#### [About this task]
Copy the closing run of lines, from the one with "Plaque électrique KLARSTEIN" through the last line of the listing, exactly and without any pictures.

#### [Exercise inputs]
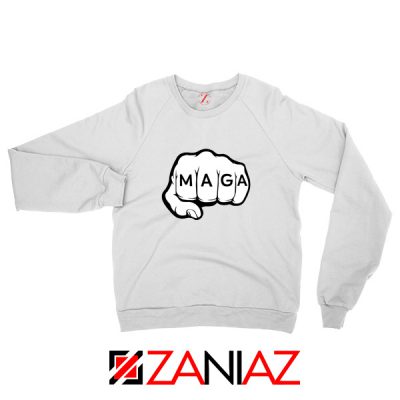 Maga Sweatshirt Keep America Great Unisex Sweater S-2XL White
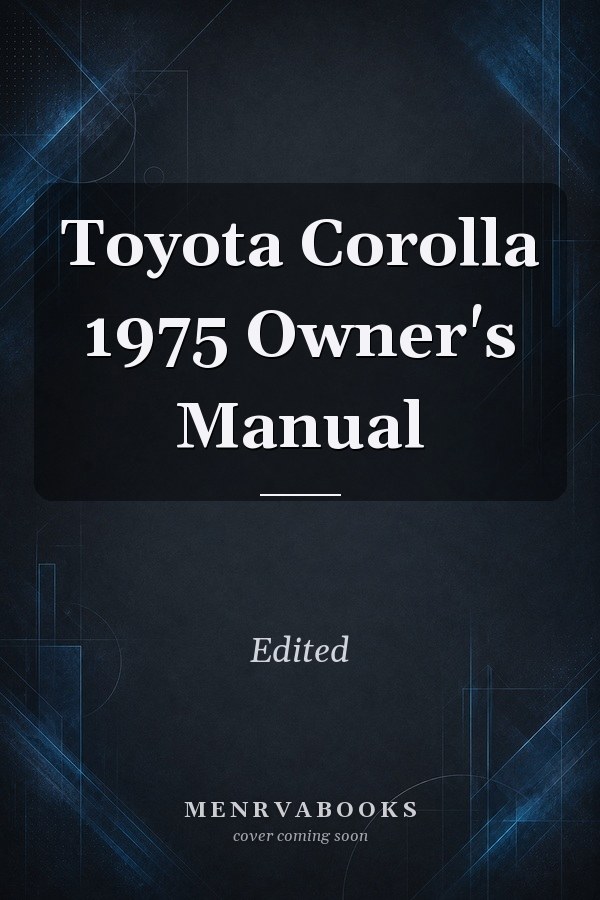 Toyota Corolla 1975 Owner's Manual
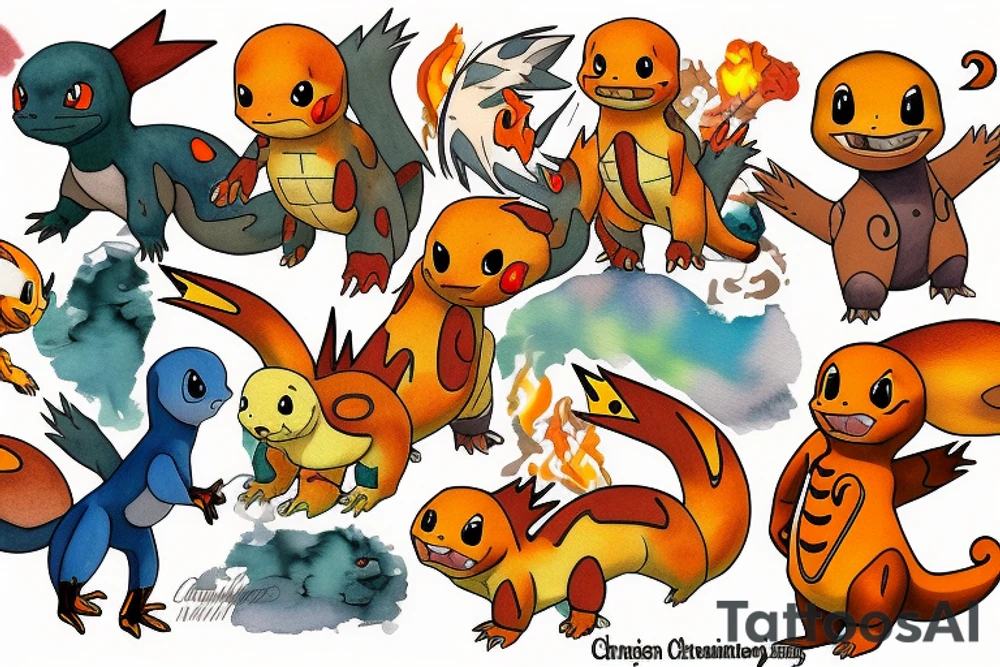 Charmander tattoo idea
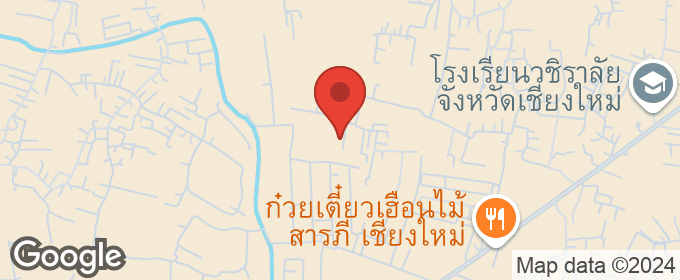 แผนที่ : บ้านพูลวิลลาชั้นเดียว 3 ห้องนอน ริมน้ำ บรรยากาศสงบ ใกล้ชิดธรรมชาติ สไตล์โมเดิร์น อ.สารภี เชียงใหม่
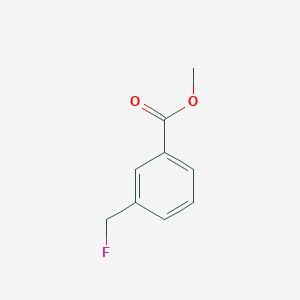 molecular formula C9H9FO2 B14379259 Methyl 3-(fluoromethyl)benzoate CAS No. 89540-39-6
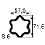 TUBE S6 ETOILE 57,5X71,5X5 LG.810MM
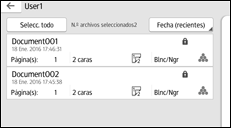 Ilustración de la pantalla panel de mandos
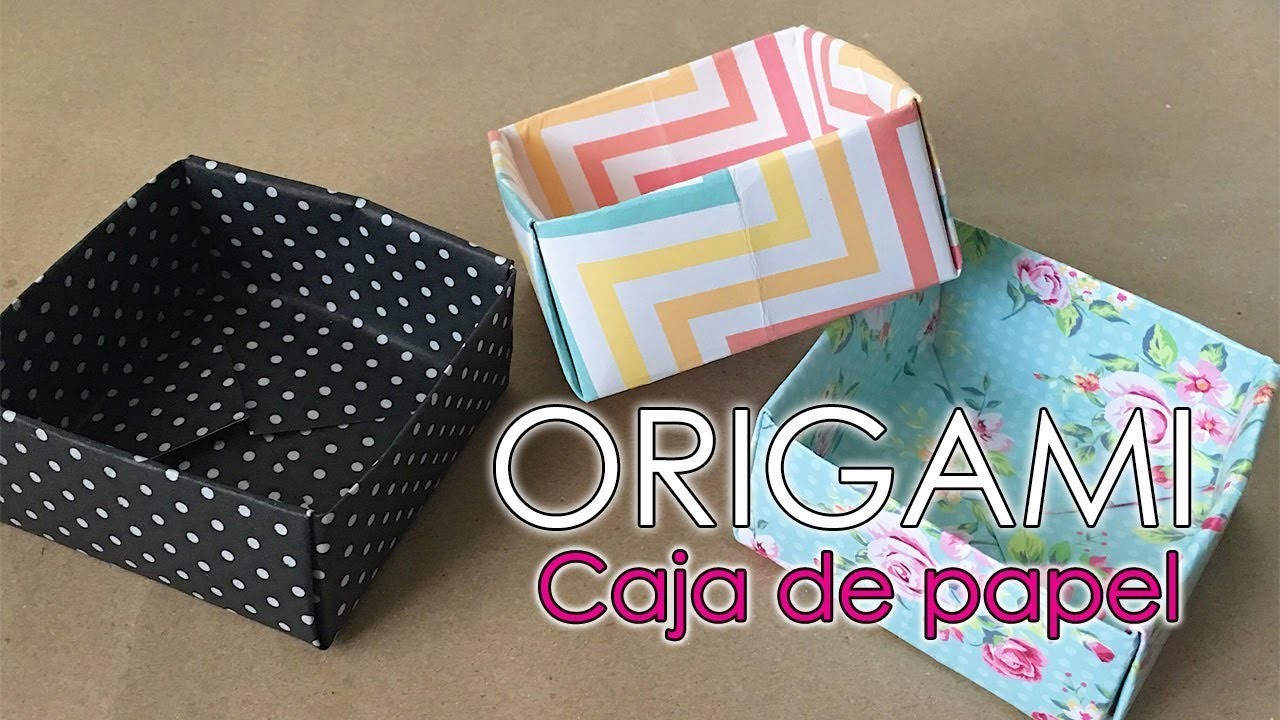 Origami - Caja de papel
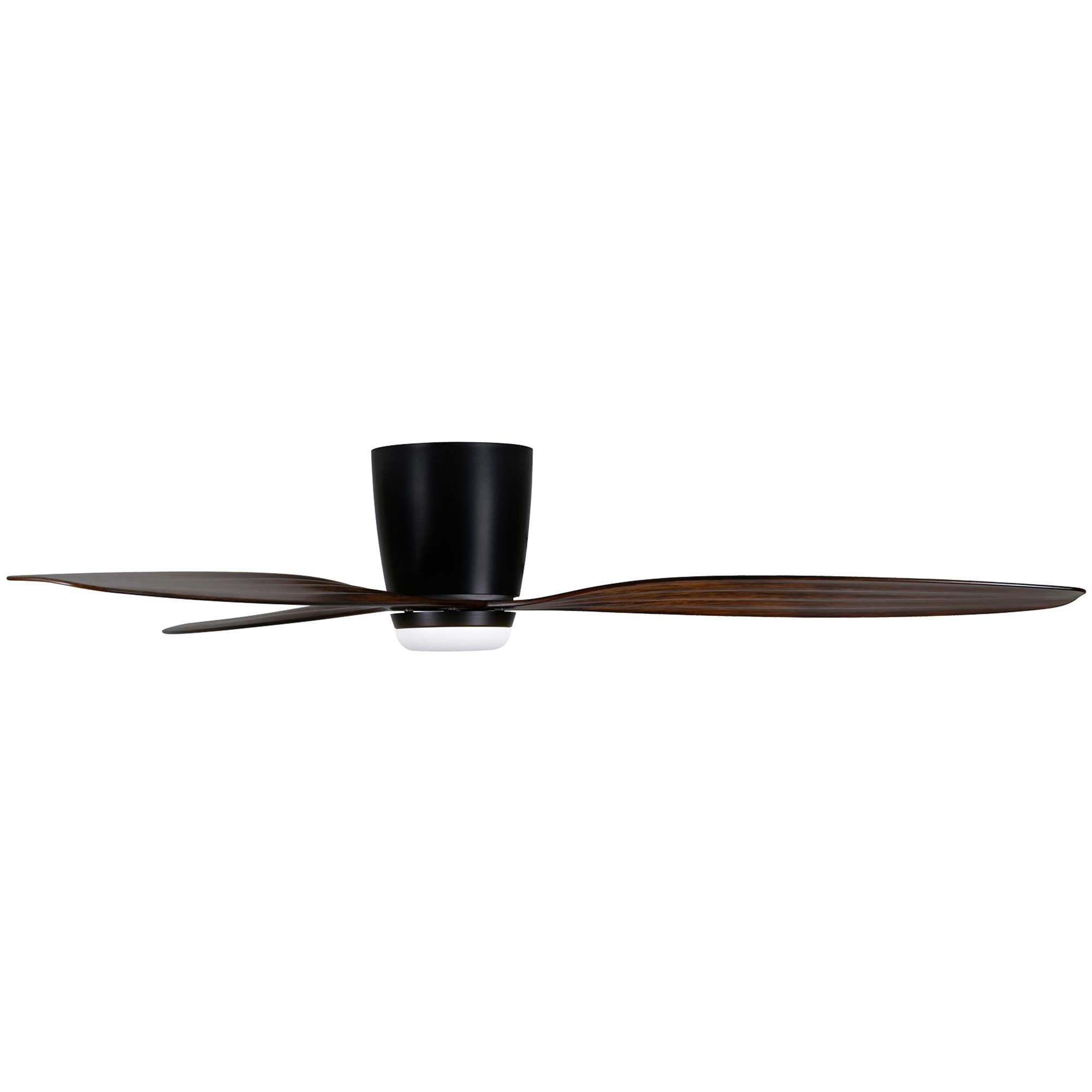Minka Aire Ventiara 52 Inch Flush Mount Fan with Light Kit - F694L-CL/DK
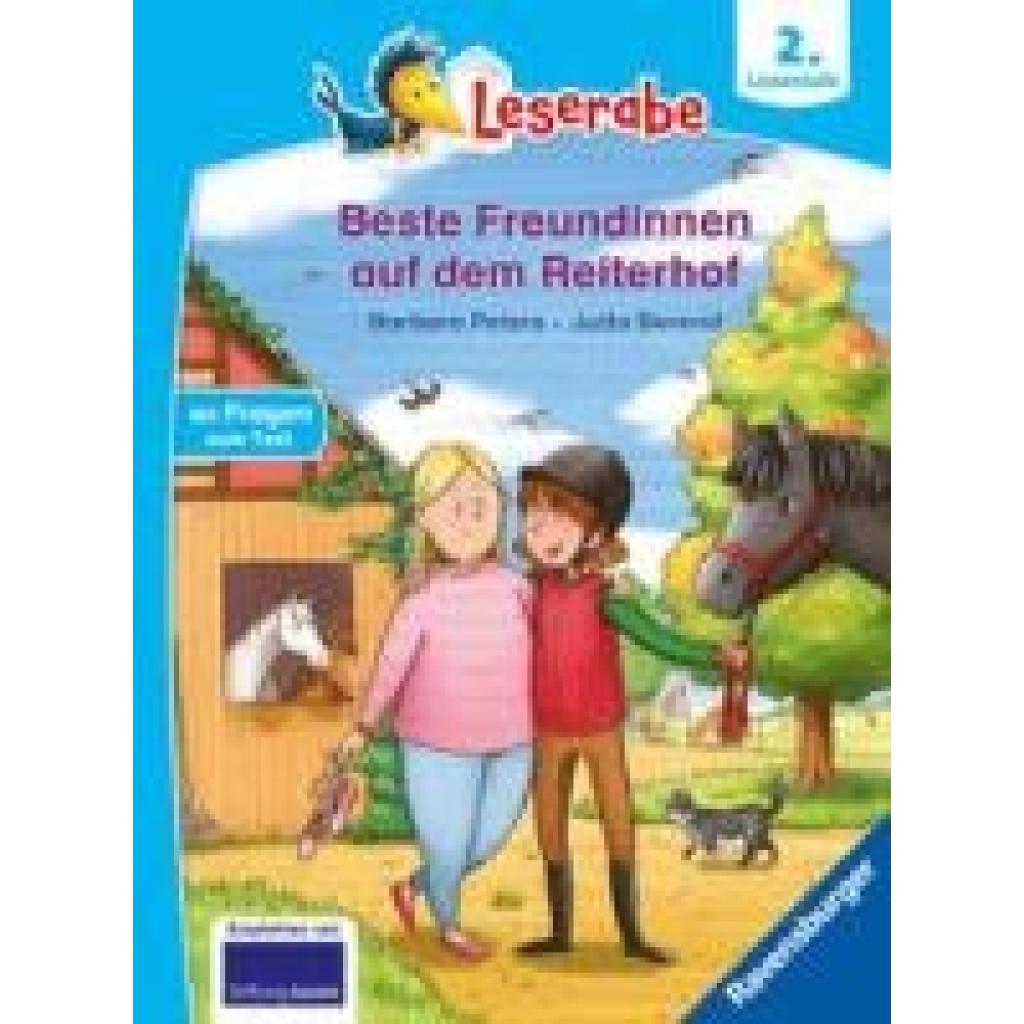9783473462056 - Leserabe - 2 Lesestufe   Beste Freundinnen auf dem Reiterhof - lesen lernen mit dem Leserabe - Erstlesebuch - Kinderbuch ab 7 Jahren - lesen üben 2 Klasse (Leserabe 2 Klasse) - Barbara Peters Gebunden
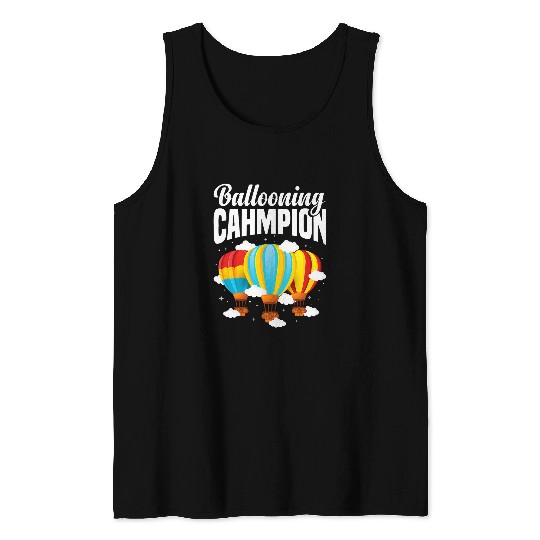 Balloon Pilot Hot Air Ballooning Lover Ballooning Earring Tank Tops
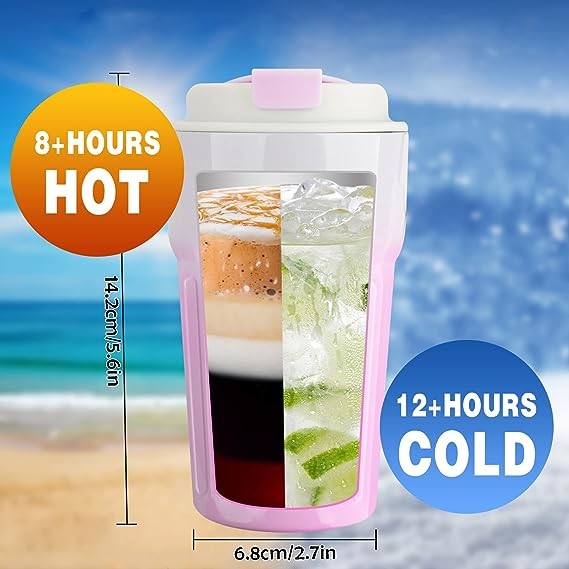 Stainless Steel Coffee Mug With Digital Display, Double Wall Vacuum Insulation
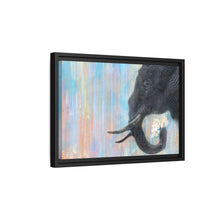 Trunk Space in Blue Matte Canvas, Framed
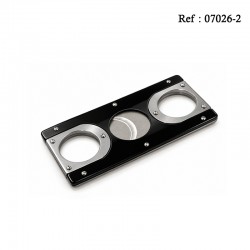 cigar cutter oval rectangular Black/Silver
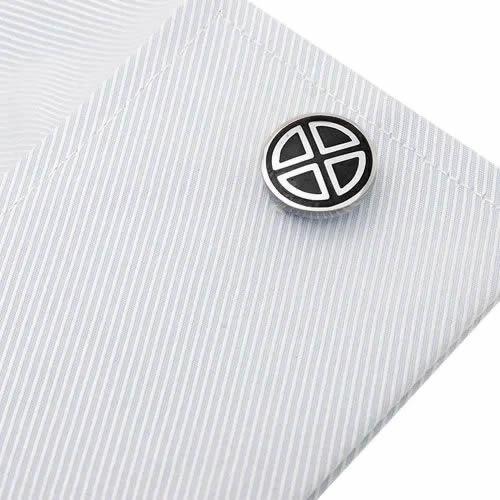 カフスボタン カフス ステンレス ラウンド 十字 カフリンクス メンズアクセサリー |  | 03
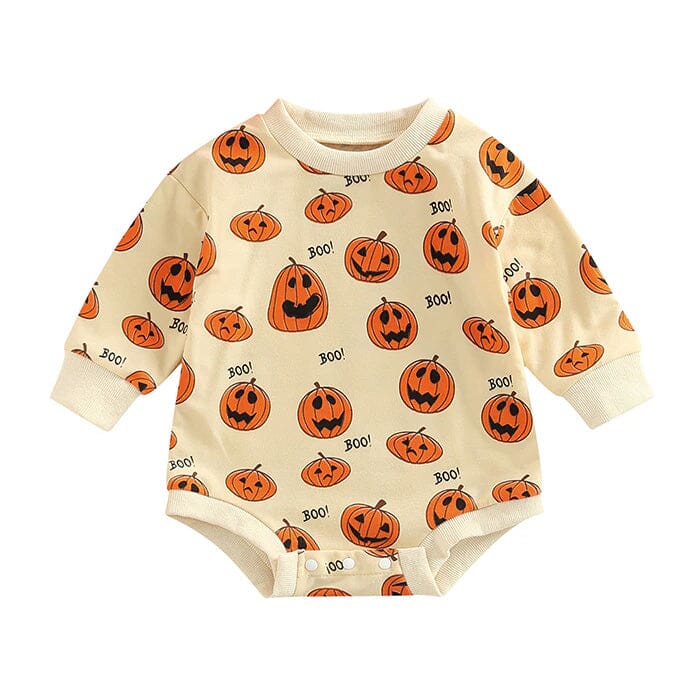 Halloween Baby Bodysuit Bodysuit The Trendy Toddlers Beige 0-3 M 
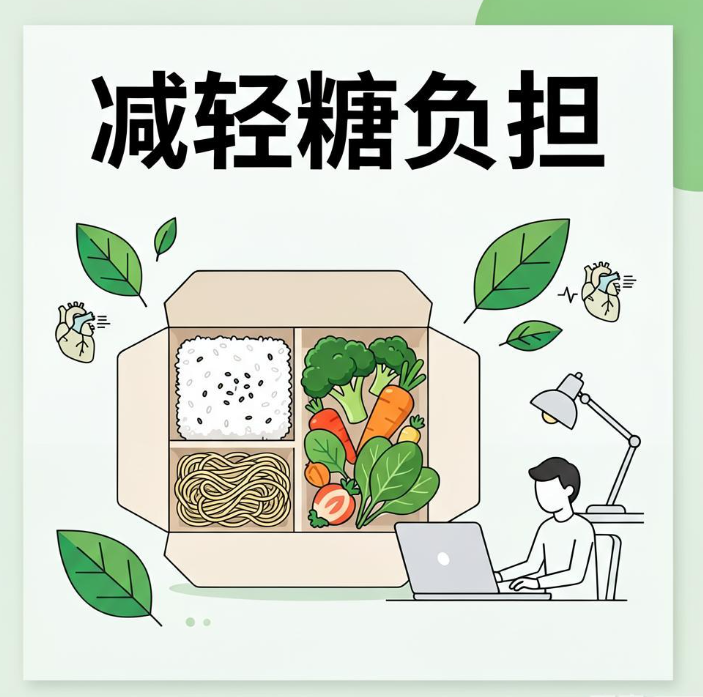 天天外卖高碳水饮食伤代谢，上班族如何用植物挡糖成分减轻糖负担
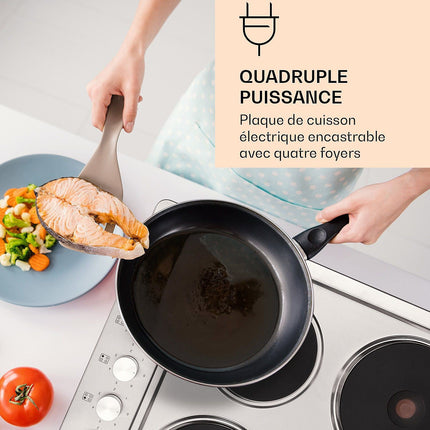 Plaque électrique KLARSTEIN Appetito 4 zones 6 niveaux 5500 W inox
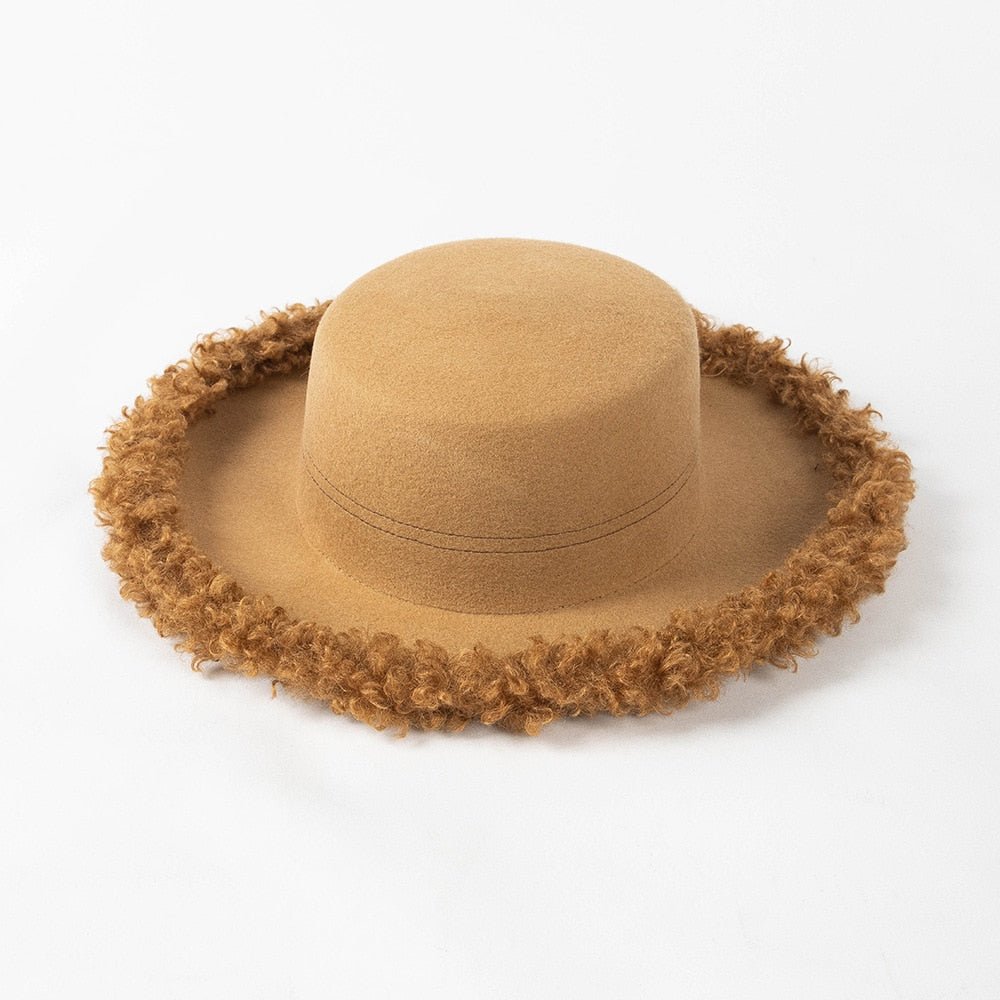 Faux Fur Rim Wool Hat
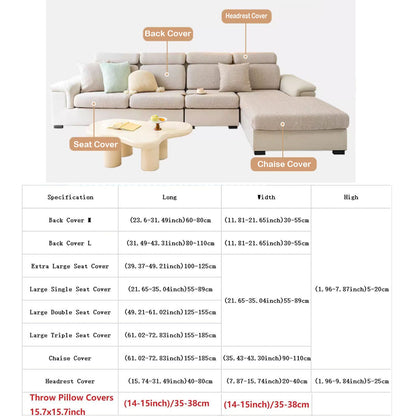 Dicke, rutschfeste Sofabezüge – dehnbare, strapazierfähige Schonbezüge für Ihre Couch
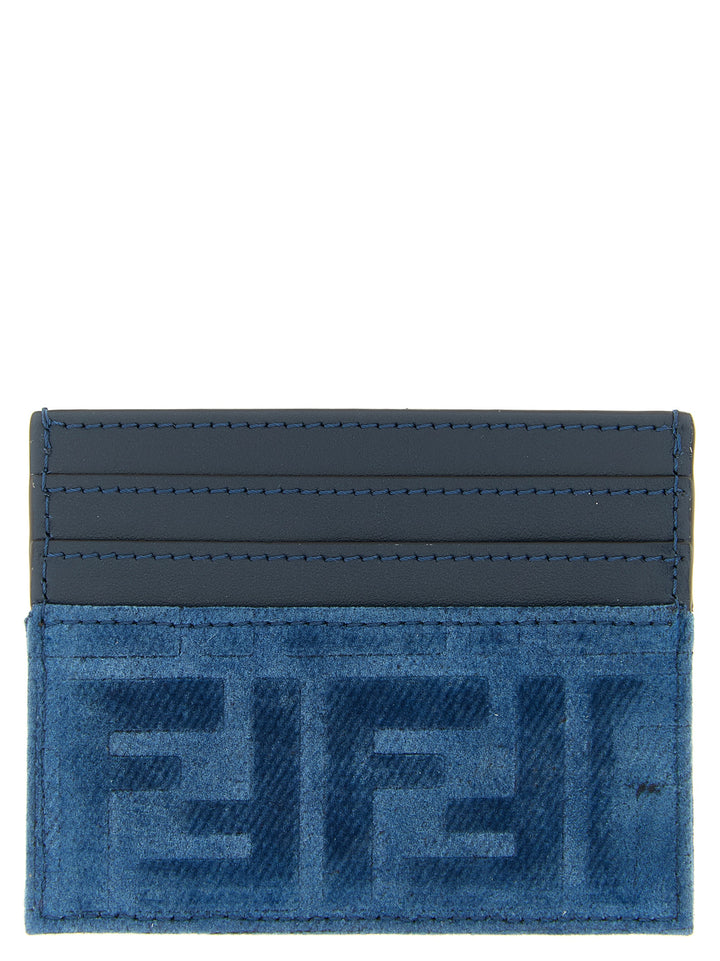 Fendi Ff Denim Card Holder Wallets and Card Holders - Blue | bacd090bf273307d2e39ba50b270bfa6efa28927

#### [Answer to the exercise]
 Plaque électrique KLARSTEIN Appetito 4 zones 6 niveaux 5500 W inox
 Faux Fur Rim Wool Hat
 Dicke, rutschfeste Sofabezüge – dehnbare, strapazierfähige Schonbezüge für Ihre Couch
 Fendi Ff Denim Card Holder Wallets and Card Holders - Blue | bacd090bf273307d2e39ba50b270bfa6efa28927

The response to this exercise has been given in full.